**Dataset excerpts:**

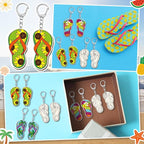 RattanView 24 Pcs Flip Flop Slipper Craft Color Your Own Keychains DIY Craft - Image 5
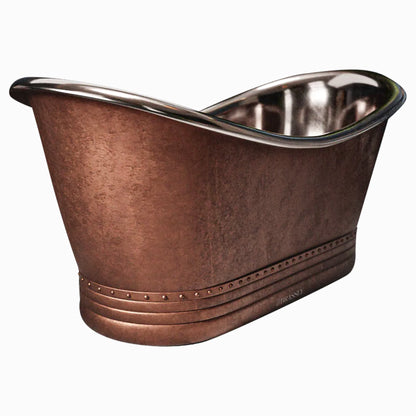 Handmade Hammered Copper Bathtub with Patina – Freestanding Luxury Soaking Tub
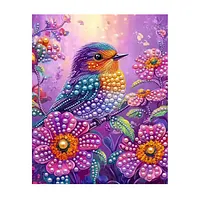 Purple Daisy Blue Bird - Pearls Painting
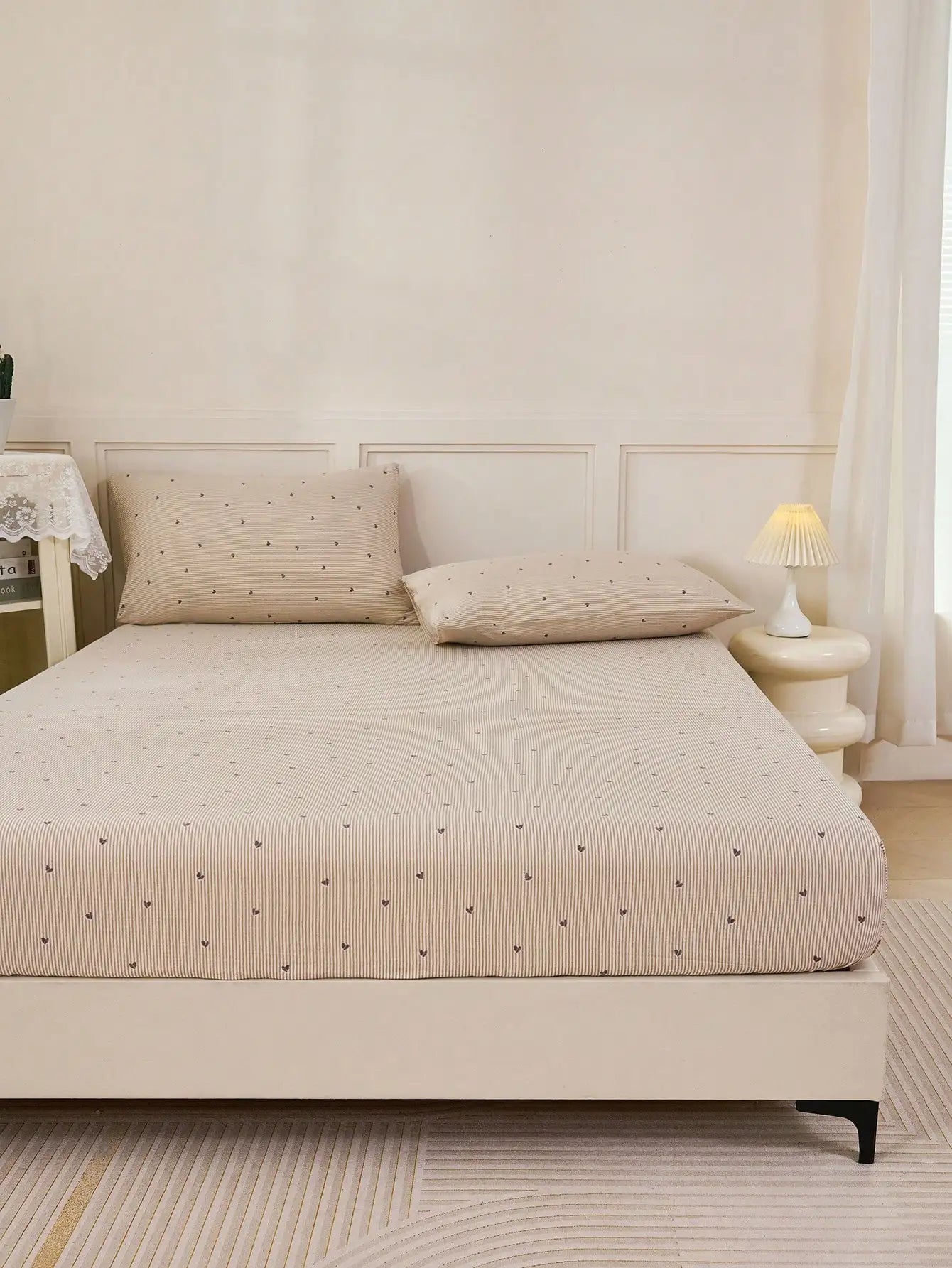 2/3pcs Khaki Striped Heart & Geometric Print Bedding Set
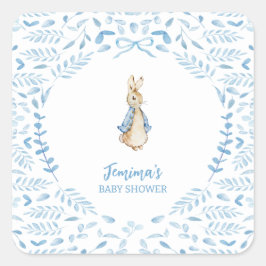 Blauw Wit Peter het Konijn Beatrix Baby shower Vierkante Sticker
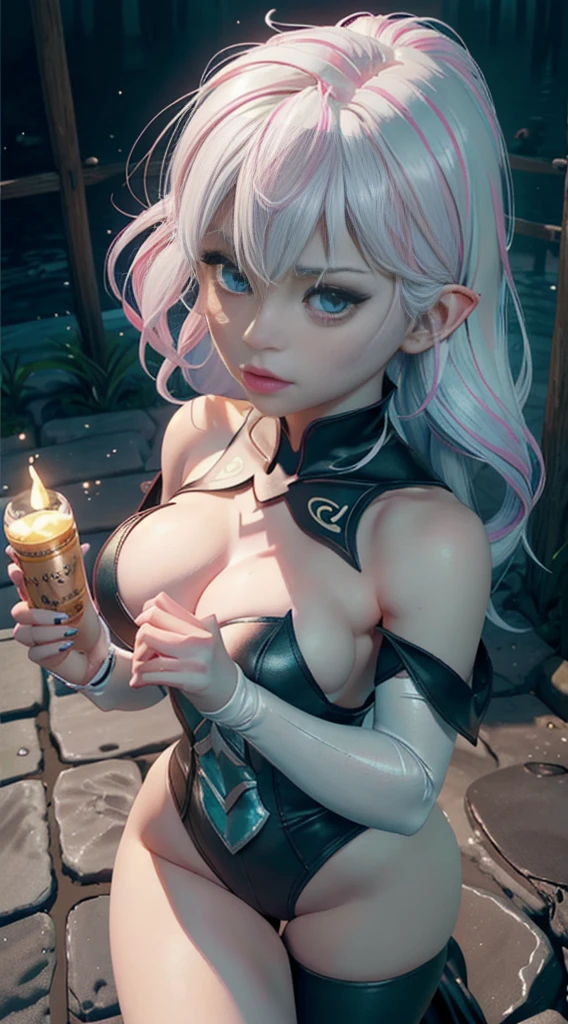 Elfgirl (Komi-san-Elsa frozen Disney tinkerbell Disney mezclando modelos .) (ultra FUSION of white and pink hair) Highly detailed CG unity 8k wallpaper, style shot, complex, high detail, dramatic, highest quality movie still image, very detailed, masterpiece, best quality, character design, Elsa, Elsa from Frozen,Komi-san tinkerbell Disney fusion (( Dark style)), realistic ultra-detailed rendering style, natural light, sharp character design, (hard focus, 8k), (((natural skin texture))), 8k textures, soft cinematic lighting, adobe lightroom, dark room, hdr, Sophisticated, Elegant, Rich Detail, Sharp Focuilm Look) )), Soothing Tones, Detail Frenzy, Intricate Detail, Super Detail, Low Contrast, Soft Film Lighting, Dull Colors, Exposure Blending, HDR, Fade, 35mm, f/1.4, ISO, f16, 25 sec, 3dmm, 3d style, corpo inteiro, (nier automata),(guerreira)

**Instructions for the task:** Repeat all entries exactly. Skip the pictures.

**Answer for this exercise:**
 RattanView 24 Pcs Flip Flop Slipper Craft Color Your Own Keychains DIY Craft - Image 5
 Handmade Hammered Copper Bathtub with Patina – Freestanding Luxury Soaking Tub
 Purple Daisy Blue Bird - Pearls Painting
 2/3pcs Khaki Striped Heart & Geometric Print Bedding Set
 Blauw Wit Peter het Konijn Beatrix Baby shower Vierkante Sticker
 Elfgirl (Komi-san-Elsa frozen Disney tinkerbell Disney mezclando modelos .) (ultra FUSION of white and pink hair) Highly detailed CG unity 8k wallpaper, style shot, complex, high detail, dramatic, highest quality movie still image, very detailed, masterpiece, best quality, character design, Elsa, Elsa from Frozen,Komi-san tinkerbell Disney fusion (( Dark style)), realistic ultra-detailed rendering style, natural light, sharp character design, (hard focus, 8k), (((natural skin texture))), 8k textures, soft cinematic lighting, adobe lightroom, dark room, hdr, Sophisticated, Elegant, Rich Detail, Sharp Focuilm Look) )), Soothing Tones, Detail Frenzy, Intricate Detail, Super Detail, Low Contrast, Soft Film Lighting, Dull Colors, Exposure Blending, HDR, Fade, 35mm, f/1.4, ISO, f16, 25 sec, 3dmm, 3d style, corpo inteiro, (nier automata),(guerreira)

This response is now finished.